RT-qPCR for Transcript Detection:

• Design primers spanning unique regions not shared with ABHD14B

• Digital droplet PCR for absolute quantification of low-abundance transcripts

• Reference gene selection appropriate for tissue/cell type being studied

These methodologies provide complementary approaches to reliably detect and quantify ABHD14A in various biological contexts, particularly important when studying tissues relevant to language development.

How does ABHD14A potentially interact with other proteins in neuronal development pathways?

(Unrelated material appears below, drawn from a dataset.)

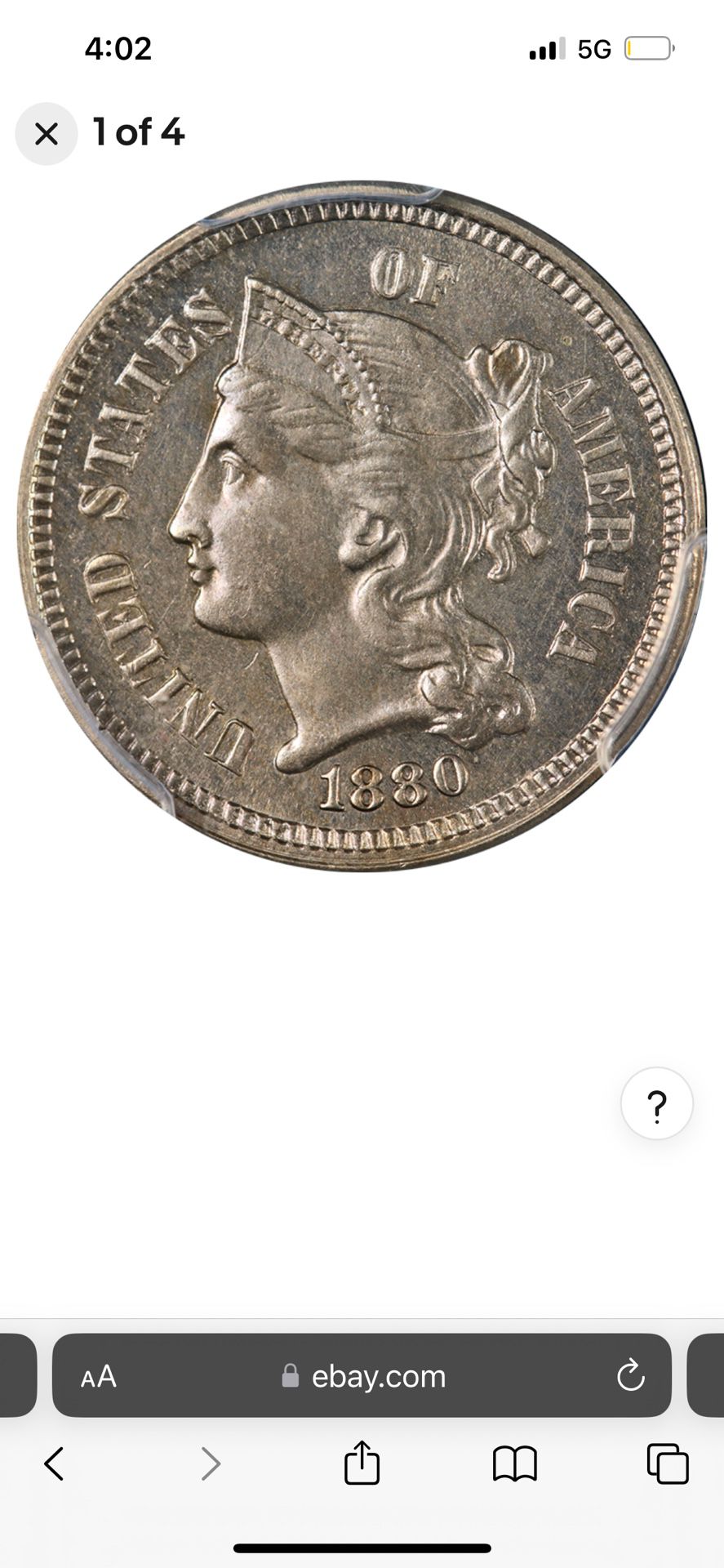 1880 3 Cent Nickel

Understanding ABHD14A's protein interaction network is critical for elucidating its role in neuronal development:

Predicted Interaction Partners:

• Developmental Language Disorder studies suggest ABHD14A may interact with MRNIP in neuronal development pathways

• Based on paralog functions, potential interactions with histone-modifying complexes should be investigated

• GeneCards data suggests connections to pathways involved in intellectual development

Methodological Approaches for Interaction Studies:

• Affinity Purification-Mass Spectrometry:

  • Use tagged ABHD14A as bait protein in neuronal cell models

  • Implement SILAC or TMT labeling for quantitative comparison

  • Analyze enriched proteins against appropriate controls

• Proximity Labeling Techniques:

  • ABHD14A-BioID or APEX2 fusion constructs

  • In situ labeling of proximal proteins in membrane-associated contexts

  • MS identification of biotinylated proteins

• Co-immunoprecipitation Validation:

  • Validate key interactions identified in high-throughput studies

  • Use reciprocal co-IPs to confirm specificity

  • Include membrane-solubilizing conditions appropriate for ABHD14A

• Functional Validation:

  • CRISPR knockout/knockdown of potential interaction partners

  • Assess effects on ABHD14A localization, stability, and function

  • Determine if identified mutations in DLD affect these protein interactions

These approaches can help construct an interaction network that explains ABHD14A's role in neuronal development and potentially in language acquisition pathways implicated in DLD.